Rose Under Fire
- US hardcover cover image
- Author: Elizabeth E. Wein
- Language: English
- Genre: Young adult fiction Historical fiction
- Publisher: Electric Monkey (UK) Hyperion Books (U.S.)
- Publication date: 3 June 2013 (UK) 9 September 2013 (U.S.)
- Publication place: United States
- Media type: Print
- ISBN: 978-1405265119
- OCLC: 839315960
- Preceded by: Code Name Verity

= Rose Under Fire =

Young adult novel by Elizabeth Wein

Rose Under Fire is a young adult historical novel by Elizabeth Wein, set in World War II and published in 2013.

The novel follows Rose Justice, an 18-year-old American volunteer Air Transport Auxiliary pilot who is captured by the Luftwaffe on a flight in France in 1944, and is sent to the Ravensbrück concentration camp. Imprisoned together with Polish victims of Nazi human experimentation and Red Army prisoners of war, she survives the camp thanks to her poetry and friendship with the other captives, eventually escaping to later participate in the Hamburg Ravensbrück Trials and the Doctors' Trial against Nazi war criminals. The novel follows up Wein's previous novel Code Name Verity, and a few characters from that novel appear in Rose Under Fire.

==Critical reception==
Rose Under Fire received positive reviews from critics.
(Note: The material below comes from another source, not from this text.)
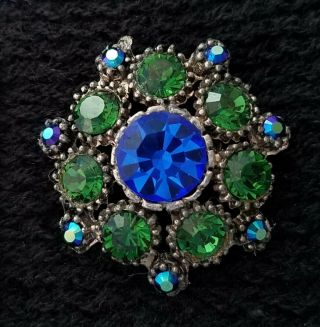 Vintage Rhinestone Circle Brooch Pin Green Sapphire Blue Retro Jewelry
Publishers Weekly wrote in a starred review of the novel that "Wein excels at weaving research seamlessly into narrative and has crafted another indelible story about friendship borne out of unimaginable adversity". According to Kirkus Reviewss starred review, "at the core of this novel is the resilience of human nature and the power of friendship and hope". Barrie Hardymon of NPR, comparing it to Code Name Verity, wrote that Rose Under Fire is "a quieter, less breathless read, which ultimately makes it that much more devastating."

The novel won the American Library Association's 2013 Schneider Family Book Award for "books that embody an artistic expression of the disability experience", for its portrayal of the victims of Nazi medical experimentation. It was shortlisted for the 2013 Costa Book Awards in the Children's Book category.